• [PROVIDED MATERIAL]:
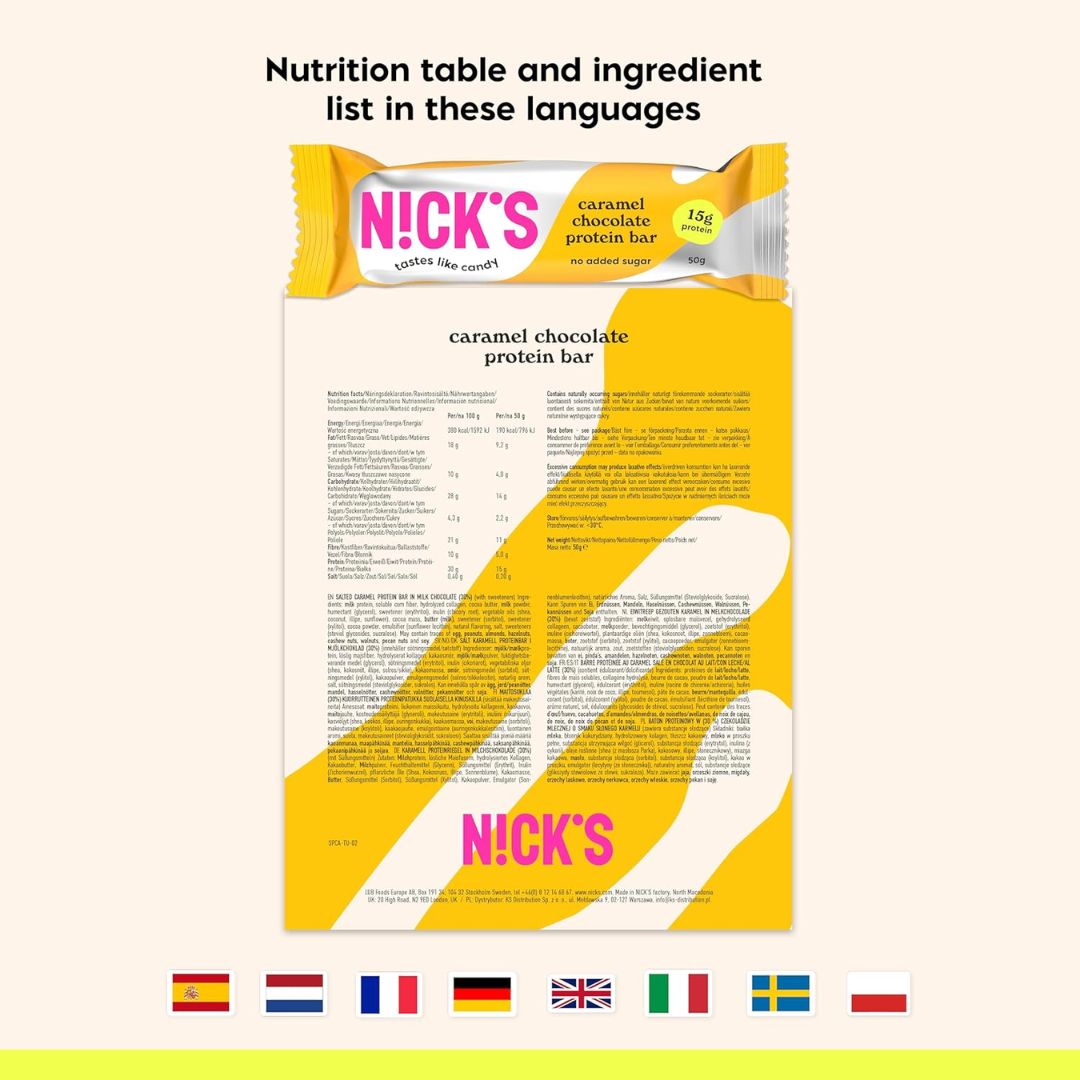 NICK'S Protein Bar 12x50g Caramel Chocolate
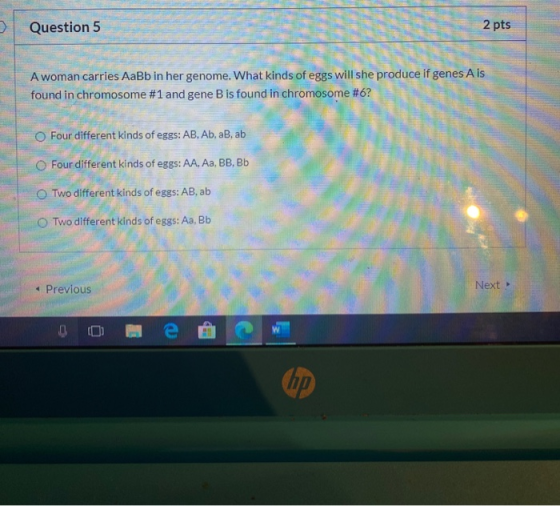 Question 5 2 pts A woman carries AaBb in her genome. What kinds of eggs will she produce if genes Ais found in chromosome #1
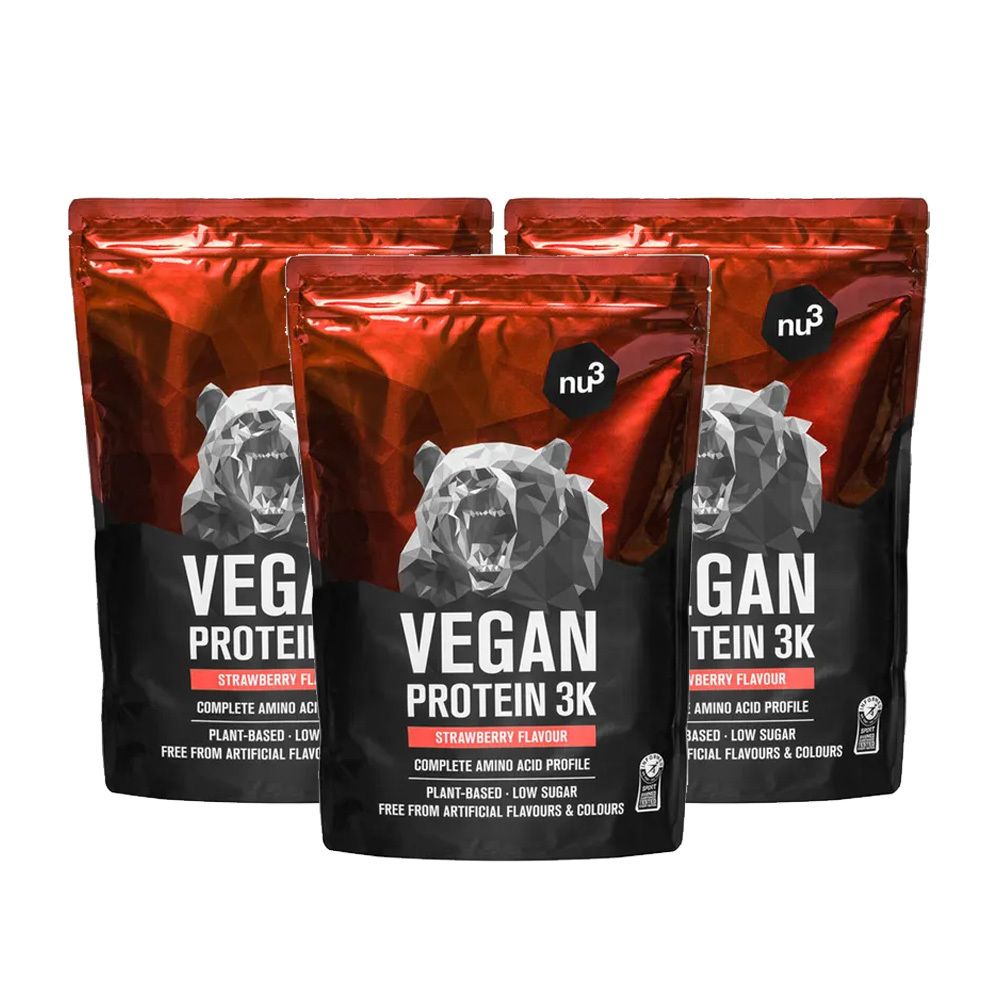 Nu3 Vegan Protein 3K Shake, Fragola Set da 3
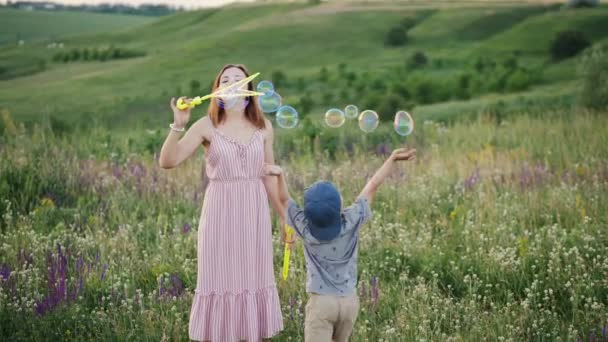 Mamá con hijo pequeño jugar con burbujas de jabón en la naturaleza - Imágenes, Vídeo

• [THE TASK]: Starting at the line that holds "Nu3 Vegan Protein 3K Shake, Fragola Set da 3", retype every line through the end of the data, both ends included. Pictures stay out of the copy.

• [RESULT]:
 Nu3 Vegan Protein 3K Shake, Fragola Set da 3
 Mamá con hijo pequeño jugar con burbujas de jabón en la naturaleza - Imágenes, Vídeo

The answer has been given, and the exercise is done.